Al momento de la ceremonia de coronación, en junio de 1953, la reina tenía sólo 27 años. Carlos fue la nota de color aquel día en el balcón de Buckingham como hoy podrían serlo los príncipes George, Louis y Charlotte. Aunque su hermana Ana ya tenía dos años, no se permitió que estuviera en los actos oficiales porque era muy chica, así que el príncipe de Gales pasó a la historia en ese momento como el primer niño en presenciar la investidura de su propia madre. En las fotos se lo ve aburrido, sosteniéndose la cara entre las manos, cómo si ya supiera de los sacrificios que comporta el privilegio de ser un miembro de la realeza.
Si la reina Isabel asumió esos sacrificios como un deber moral, decidida a evitar otra crisis que volviera a poner en jaque a la monarquía constitucional inglesa como lo había hecho la abdicación de su tío, para Carlos fue la sombra que marcó su destino. La reina consideraba un error y una falla ética aquel renunciamiento romántico; enamorado de una mujer casada, su hijo fue forzado en cambio a renunciar al amor y a unirse en un matrimonio por obligación.
Carlos conoció a la hoy Duquesa de Cornualles en un partido de polo en Windsor a principios de los años 70. Los dos amaban los caballos y compartían un particular sentido del humor. Aquel día, Camilla bromeó con lo prohibido, casi como en un presagio: “Mi bisabuela fue la amante de tu tatarabuelo. Siento que tenemos algo en común”. Entonces los dos eran solteros y no tardaron en enamorarse. Pero Carlos tuvo que cumplir con el servicio militar en la Royal Navy y, cuando volvió a la isla, ocho meses después, se encontró con que Camilla se había comprometido con Andrew Parker-Bowles –ex de la princesa Ana–, con quien se casó en 1973. La ficción de la serie The Crown no está tan alejada de lo que en verdad ocurrió: nunca dejaron de verse ni interrumpieron su amistad. El futuro rey incluso fue el padrino de uno de los hijos de ella, Tom.
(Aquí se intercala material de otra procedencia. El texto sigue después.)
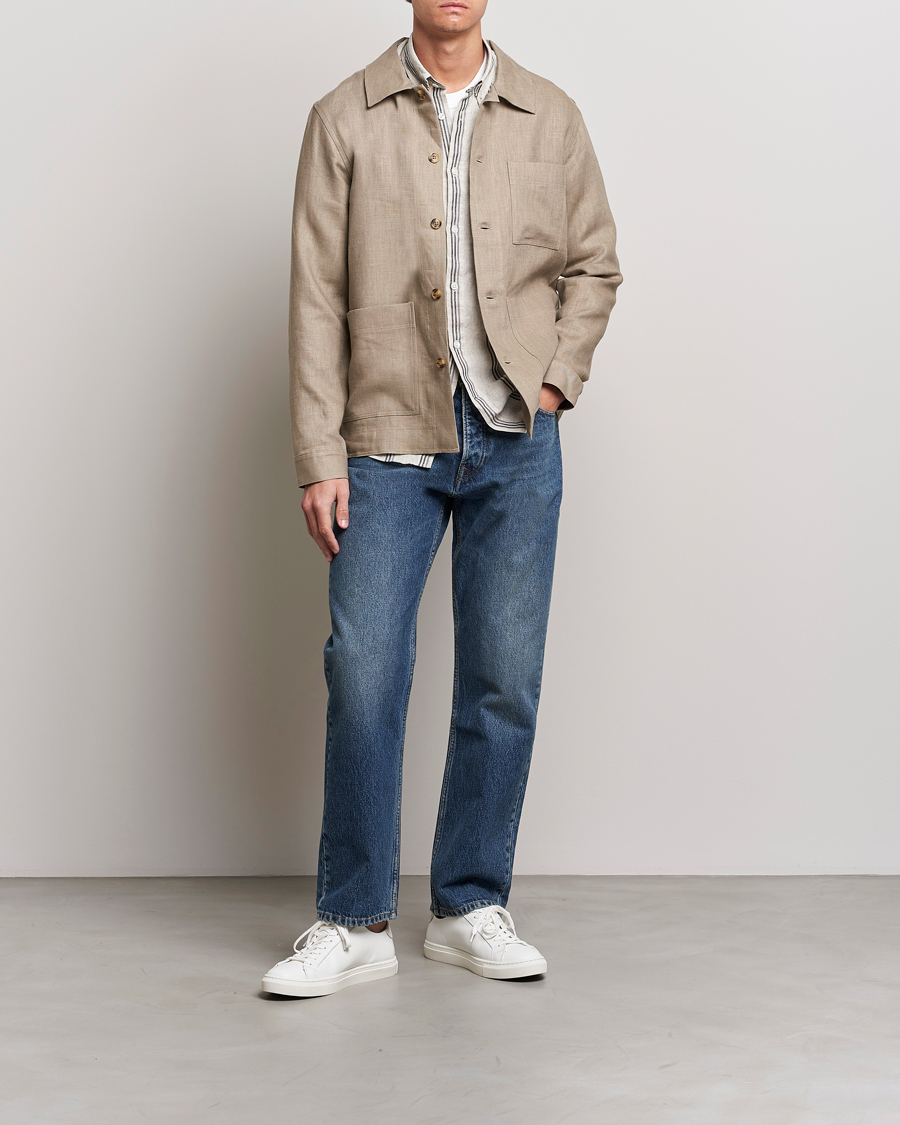 Herren | Hemden | NN07 | Olav Linen Overshirt Greige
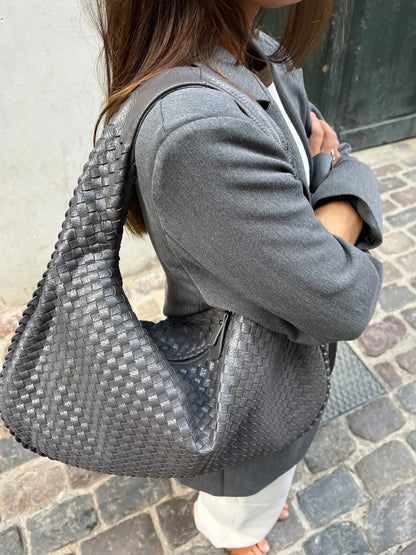 Grand sac à bandoulière en cuir tressé pour dames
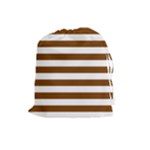 Horizontal Stripes - White and Chocolate Brown Drawstring Pouch (L)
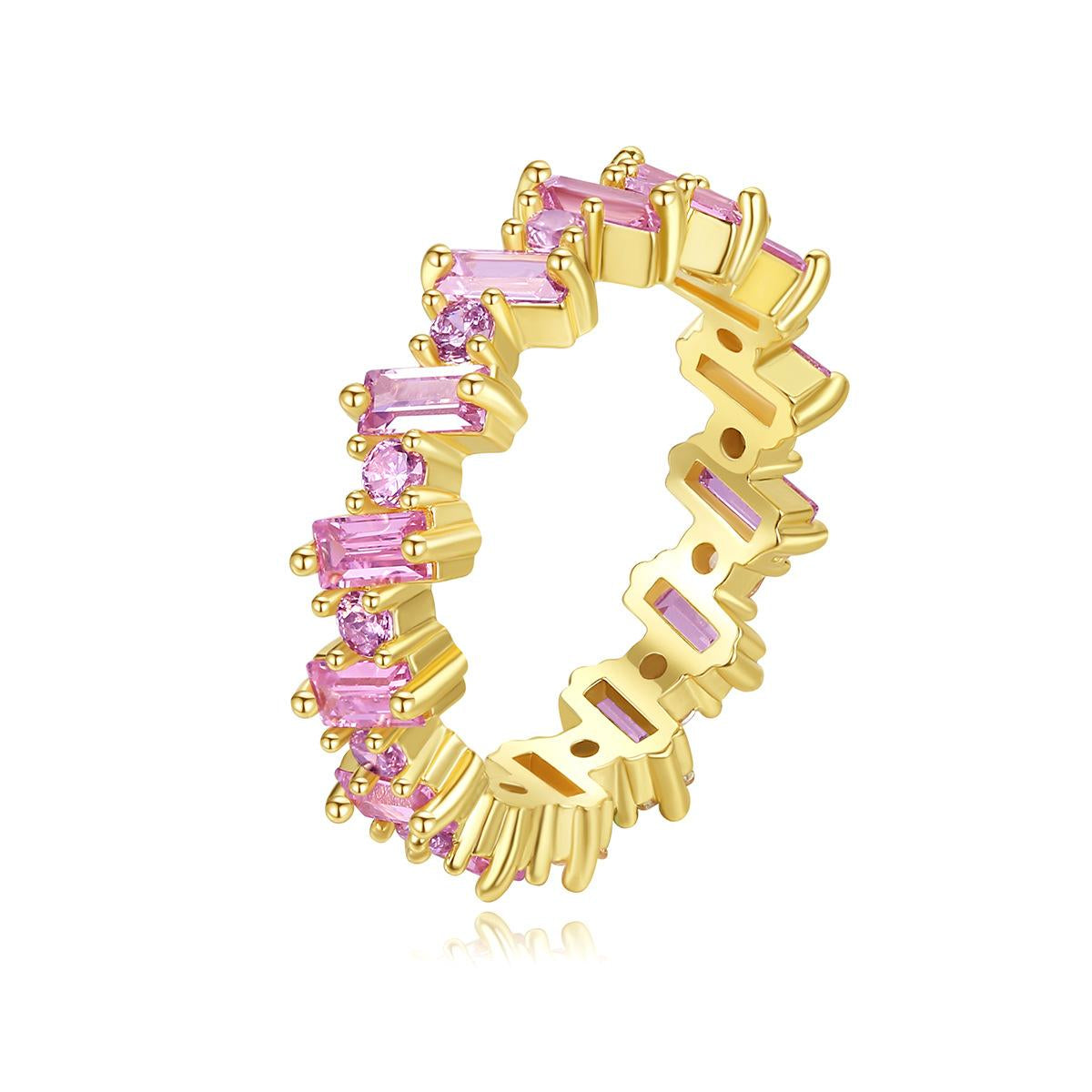 Pink Crystal & Cubic Zirconia Baguette-Cut Geometric Band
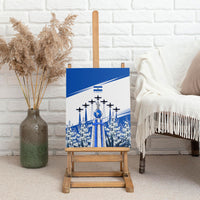 El Salvador Divine Savior Monument Canvas Wall Art Flor De Izote Coat Of Arms Fighter Jets Art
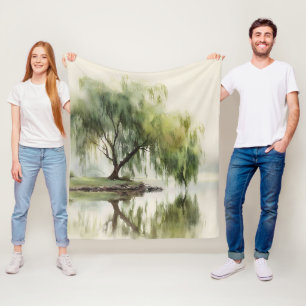 Serene Wilgenboom Reflectie Natuur Kunst (12) Fleece Deken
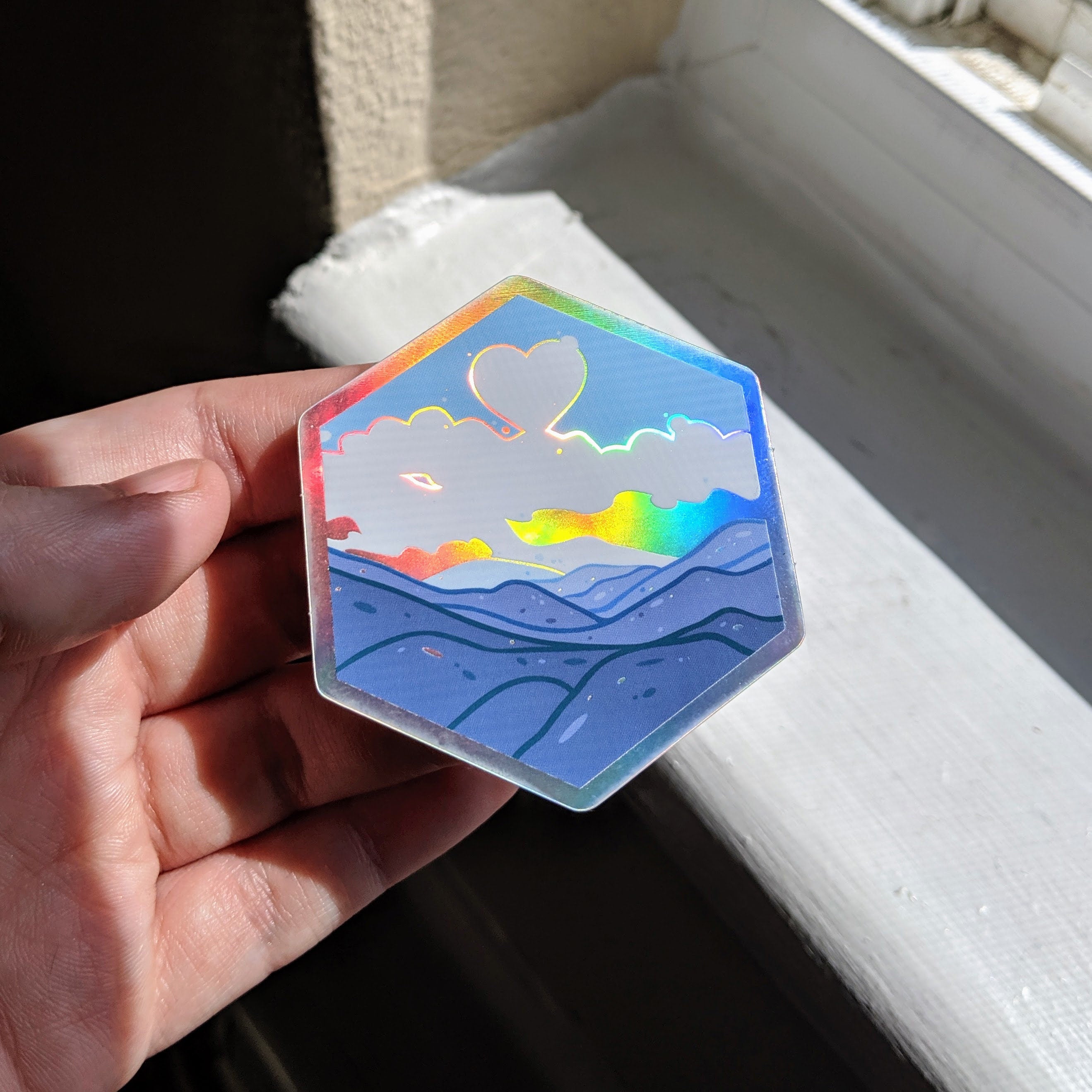 Cute Mountains - Holographic Hexagon Sticker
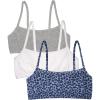imageFruit of the Loom Girls 3 Pack Spaghetti Strap Sports BraMulti LeoWhiteGrey Heather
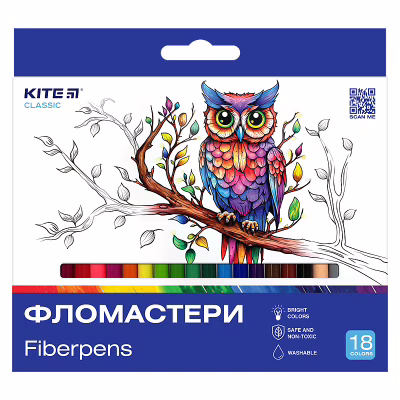 Фломастери Kite Classic 18 кольорів (K-448)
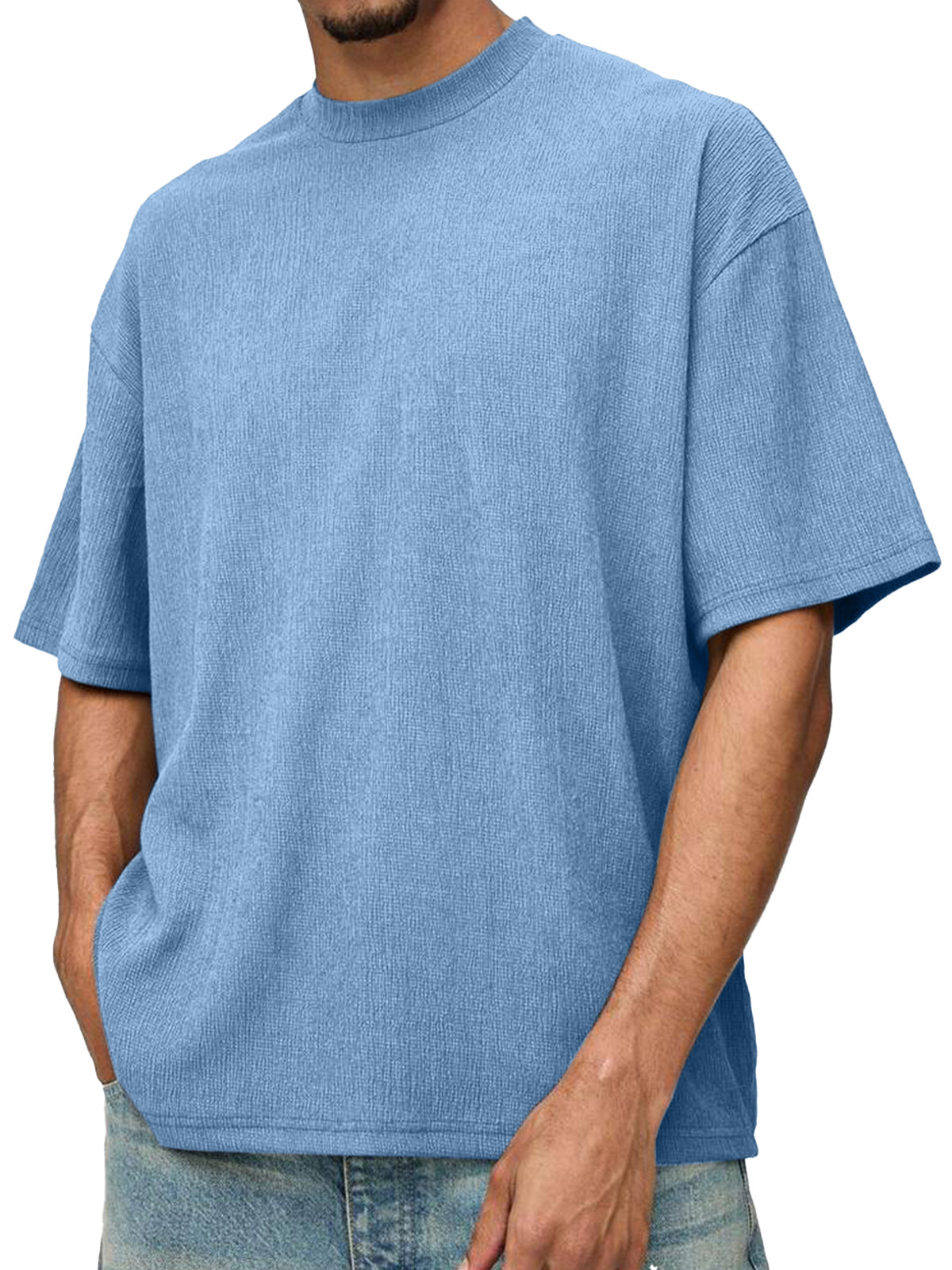 Men's Daily Loose And Comfortable Solid Color Short-sleeved T-shirt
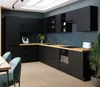 A modern, minimalist black kitchen with a wooden countertop and blue tiled backsplash. Produktbild-Vorschau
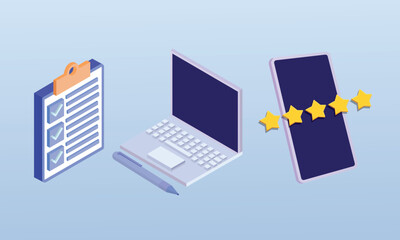 Job recruitment set. Hr managers searching job candidate, reading CV and giving reviews.on blue background.isometric Vector Design Illustration.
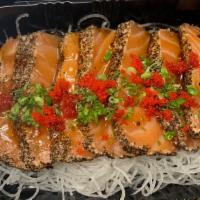 Salmon Tataki · Seared pepper salmon in ponzu sauce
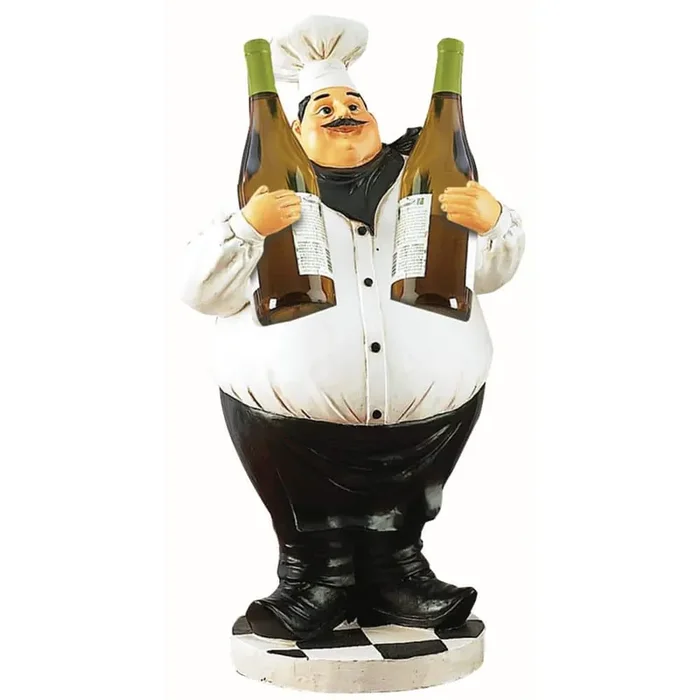 9 in. x 24 in. White Polystone Chef Sculpture with 2 Wine Holder Slots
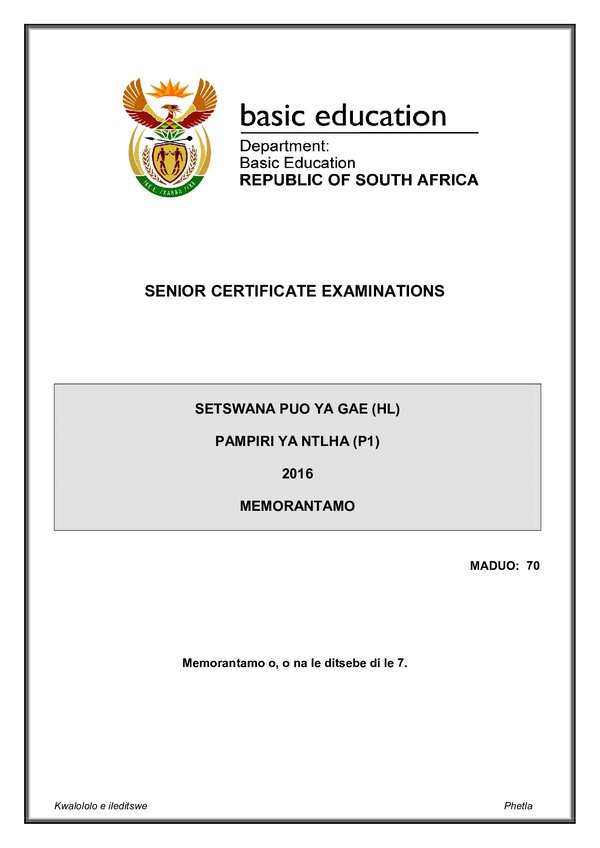 Setswana Hl P1 Memo Gr12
No estaba enamorado de Diana Spencer cuando le propuso casamiento, en 1981. En la primera entrevista que dieron juntos para anunciarlo, ella dice “Por supuesto” cuando les preguntan si es amor. Carlos, en cambio, dice destemplado: “Lo que sea que signifique el amor”. Era una relación destinada al fracaso.
En 1992, Andrew Morton publicó la biografía autorizada Diana: Her True Story, que marcó un antes y un después porque nunca antes un miembro de la familia real había hablado con tanta crudeza de su vida privada, y también porque confirmaba en primera persona las desgracias de su matrimonio. En las grabaciones de Morton, que forman parte del documental Diana: In her own words (2017), se puede escuchar como la propia Lady Di cuenta cómo empezaron sus sospechas de que su marido y Camilla todavía estaban juntos: descubrió una pulsera grabada que Carlos le había comprado a su amante poco antes de la boda del siglo. Diana dice que quiso cancelarla, pero sus hermanas la convencieron de que siguiera adelante. Más tarde, en la luna de miel, vio a Carlos usando los gemelos que le había regalado Camilla. El cuento de hadas ya estaba roto, y otra vez, ante la audiencia de todo el mundo.
Se ve también en la ficción en The Crown: en 1989, Diana enfrentó a Camilla en un cumpleaños. En las grabaciones, relata: “Le dije: ‘Yo sé lo que pasa entre vos y Carlos, y solo quiero que lo sepas’. Me dijo: ‘Tenés todo lo que siempre quisiste. Todos los hombres del mundo están enamorados de vos y tenés dos hijos divinos, ¿qué más querés?’ Y yo le dije: ‘Lo que quiero es a mi marido’”.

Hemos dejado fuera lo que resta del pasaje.